6.3 Model projections of future changes

Model projections are vital for predicting future changes in coastal circulation and their potential impacts. The Atlantic thermohaline circulation (THC) has been extensively studied using a range of models, from earth system models of intermediate complexity (EMICs) to fully coupled atmosphere-ocean general circulation models (AOGCMs). These models have shown that the THC is likely to weaken significantly in response to freshwater input, with associated changes in surface air temperature and shifts in the Intertropical Convergence Zone (ITCZ). The robustness of these projections across different models highlights the potential for significant changes in coastal circulation patterns due to climate change (Stouffer et al., 2006).

By examining case studies from different regions, leveraging long-term observational data, and utilizing model projections, we can gain a comprehensive understanding of the mechanisms driving coastal circulation and their responses to climate change. This knowledge is crucial for developing effective management strategies to mitigate the impacts on coastal ecosystems and communities.

7 Ecological and societal impacts

7.1 Effects on marine ecosystems

Climate change significantly impacts marine ecosystems through various mechanisms, including temperature changes, ocean acidification, and alterations in ocean circulation. These changes affect species distributions, physiology, and ecosystem functioning. For instance, temperature and wave energy are critical drivers of ecological responses, influencing the abundance and distribution of coastal benthic macrofauna (Hewitt et al., 2016).

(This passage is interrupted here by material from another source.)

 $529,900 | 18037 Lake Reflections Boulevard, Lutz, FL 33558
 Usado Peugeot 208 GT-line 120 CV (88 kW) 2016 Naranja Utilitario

Additionally, changes in ocean chemistry, such as acidification, may be more critical than temperature changes for the performance and survival of many marine organisms. Ocean circulation changes, which affect larval transport and population dynamics, also play a crucial role in these ecosystems (Gennip et al., 2017). The interactions between climate variables and additional anthropogenic stressors, such as fishing pressure, further complicate the ecological consequences of climate change.

7.2 Implications for coastal communities

The impacts of climate change on marine ecosystems have profound implications for coastal communities that rely on these systems for their livelihoods, food security, and cultural practices. Changes in species distributions and ecosystem functioning can disrupt fisheries and aquaculture, leading to economic and social challenges. Furthermore, the alteration of ocean circulation patterns can affect the availability of marine resources, influencing the economic stability of coastal communities (Gennip et al., 2017). The synergistic effects of climate change and other anthropogenic pressures necessitate a comprehensive understanding of these dynamics to develop effective management and conservation strategies.

7.3 Adaptation and mitigation strategies

To address the challenges posed by climate change, coastal communities and policymakers must implement adaptation and mitigation strategies. Coastal wetlands, such as seagrasses, tidal marshes, and mangroves, are recognized as effective long-term carbon sinks and play a crucial role in climate mitigation (Howard et al., 2017). Expanding climate mitigation strategies to include other components of coastal and marine systems, such as coral reefs, phytoplankton, kelp forests, and marine fauna, could enhance the effectiveness of these efforts (Howard et al., 2017). Additionally, improving predictive frameworks to manage and conserve living marine systems in the face of climate change is essential. This includes identifying key demographic transitions, predicting community-level impacts, and understanding the scales over which climate will change and living systems will respond (Stetson et al., 2006). By integrating these strategies, coastal communities can better adapt to the changing climate and mitigate its impacts on marine ecosystems and their associated economic and social systems.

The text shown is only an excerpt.